Graeme Murphy's Aida is exquisite to look at, so much that it could be billed as designer Roger Kirk's Aida. The design is as sumptuous as three-hat 20-course degustation with extra desserts. This visual feast re-creates ancient Egypt with a contemporary eye and fills every space with detail and treats that distract from other distractions.
And there are distractions.This may have a lot to do with a venue that was not designed for opera. The endless frustration of the State Theatre is that non-amplified voices are sucked away beyond the first few rows of the stalls and that directors don't re-stage for a venue that they know has problems. Daria Masiero sings Aida with magnificence and heart, but even in the middle of the stalls, her clarity was lost – but not as much as the offstage chorus' singing. What's even worse (and possibly unforgivable) was hearing stage noise (mechanical and human) because it instantly takes attention away from the music and the performers.
As a production with a budget that could fund a handful of chamber opera companies for a handful of years, I expect everything on the stage to be as perfect as it can be – even if it stretches to some extra cans of WD40, a re-block and even some subtle amplification.
This Aida celebrates all that is grand and over-the-top about Italian Romantic opera, but for all its delicious eye candy and glorious voices, there's little new or exciting about it. It's the same old same old with a slick new look. Despite the heart-breaking story, there's no on-stage tension and the chorus, dancers and ensemble have little sense of character or space or even of being on the same stage as the principals. Maybe when it was written, the chorus only existed for sound, but it's structured in a way that opens up so many possibilities, especially as so much of the first half action is witnessed by a crowd, but the second half takes place in secret. Opera is grand, but it's the attention to detail and the bringing it into our now that can make it exquisite.
Then there's A Masked Ball. This production's by Catalan company La Fura dels Baus, who have appeared at various festivals in Australia, and are known for original productions on a grand scale where the line between audience and performer is smashed.
This opera's another doomed romance where Amelia (Jacqueline Marbardi) wants a herb to make her forget that she's in love with King Gustav (Diego Torre), whose most trusted bff is her husband, Ankarström (José Carbó). It's complicated.
These three performers are wonderful (and I was near the front, so had no sound issues; I could even differentiate voices in the chorus). Each respect the music and its history, but let themselves be in the world created for this Ball.
And it's this world that makes this work so different from Aida. Director Alex Ollé and designers Alfons Flores (set) and Lluc Castells (costumes) have created a contemporary story, or rather a future dystopia. Rather than forcing the opera onto a design, they've made a world where masks are not just for dances and balls but must always be worn in public. (Just don't think Kryten from Red Dwarf because you'll giggle at the wrong moment.)
It's a bleak and grey place that hides its hopes in dark corners and behind shiny masks. In a world of corrupt power, trust can turn to death in a second, fortune tellers are believed in secret and the chorus and ensemble are shadowy and angry rebels or officials who know to never make a wrong move. This chorus are alive and make the world real by being an active part of the story.

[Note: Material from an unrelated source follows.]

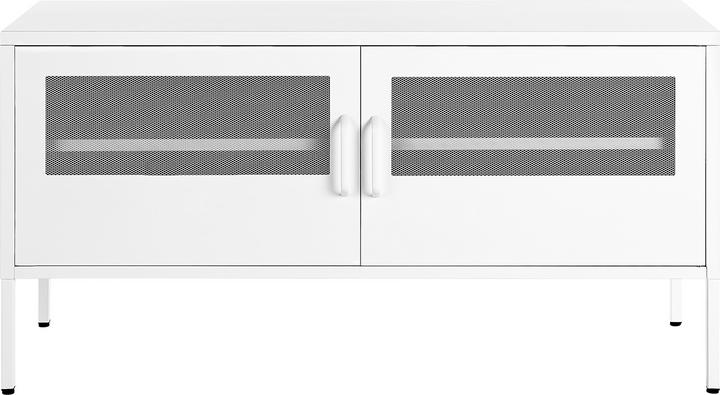Actual product image Beliani Sideboard metal white 2 doors MORLEY (118 x 60 x 40 cm)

I was talking to a man who was very huffy at the end of A Masked Ball and told me that I should see a "proper production". No thanks. I was very happy with this one. If operas are produced as reproductions of dead pieces of art, they will always look and feel dead on the stage, but when they area created as works about us, they prove that these 19th century European creations are just as magnificent and relevant as they were when they were first seen.